Zum Inhalt springen

Exit Eritrea A Visit to 'Africa's North Korea'

After Syrians, refugees from Eritrea have the best chance of gaining asylum in Germany. But are conditions in the isolated one-party state really so brutal?
A man in Massawa, Eritrea walks in front of the ruined Banca d'Italia building, left as a relic of the war with Ethiopia.

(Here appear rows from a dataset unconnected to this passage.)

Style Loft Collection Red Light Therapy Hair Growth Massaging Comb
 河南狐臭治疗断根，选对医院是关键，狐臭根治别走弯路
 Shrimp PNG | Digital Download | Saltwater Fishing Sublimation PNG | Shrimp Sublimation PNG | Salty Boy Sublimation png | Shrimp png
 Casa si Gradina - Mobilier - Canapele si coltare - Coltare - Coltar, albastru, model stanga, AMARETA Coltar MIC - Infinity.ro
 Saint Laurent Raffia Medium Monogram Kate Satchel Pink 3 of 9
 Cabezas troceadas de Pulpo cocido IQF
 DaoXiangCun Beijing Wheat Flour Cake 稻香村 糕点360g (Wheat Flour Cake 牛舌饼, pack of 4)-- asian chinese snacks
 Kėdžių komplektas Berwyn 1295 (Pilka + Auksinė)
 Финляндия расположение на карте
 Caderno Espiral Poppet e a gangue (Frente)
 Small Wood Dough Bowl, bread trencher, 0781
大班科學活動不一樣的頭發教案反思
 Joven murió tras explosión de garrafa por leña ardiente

A man in Massawa, Eritrea walks in front of the ruined Banca d'Italia building, left as a relic of the war with Ethiopia.

Foto: François X. Klein

The woman smiles as she looks out the window, happy to be returning home. She is about to arrive in the Eritrean capital Asmara, a city in a valley surrounded by verdant mountains, having flown in from Frankfurt, with a stopover in Dubai. She is a middle-aged Eritrean woman who was granted political asylum in Germany, a woman who fled her country but is now returning voluntarily. She chooses to remain anonymous, because in Eritrea, illegally leaving the country is a jailable offense.

She is traveling to Eritrea as if she were a tourist. Everything proceeds normally as she passes through passport control, baggage claim and customs. She is planning to visit her family, and has brought along gifts and money for them, before boarding her return flight to Germany in two weeks. "Many are doing this," she says, getting into a taxi. But how is it possible that people can travel unobstructed back to their native country, one decried as an evil dictatorship and accused of brutally oppressing its citizens?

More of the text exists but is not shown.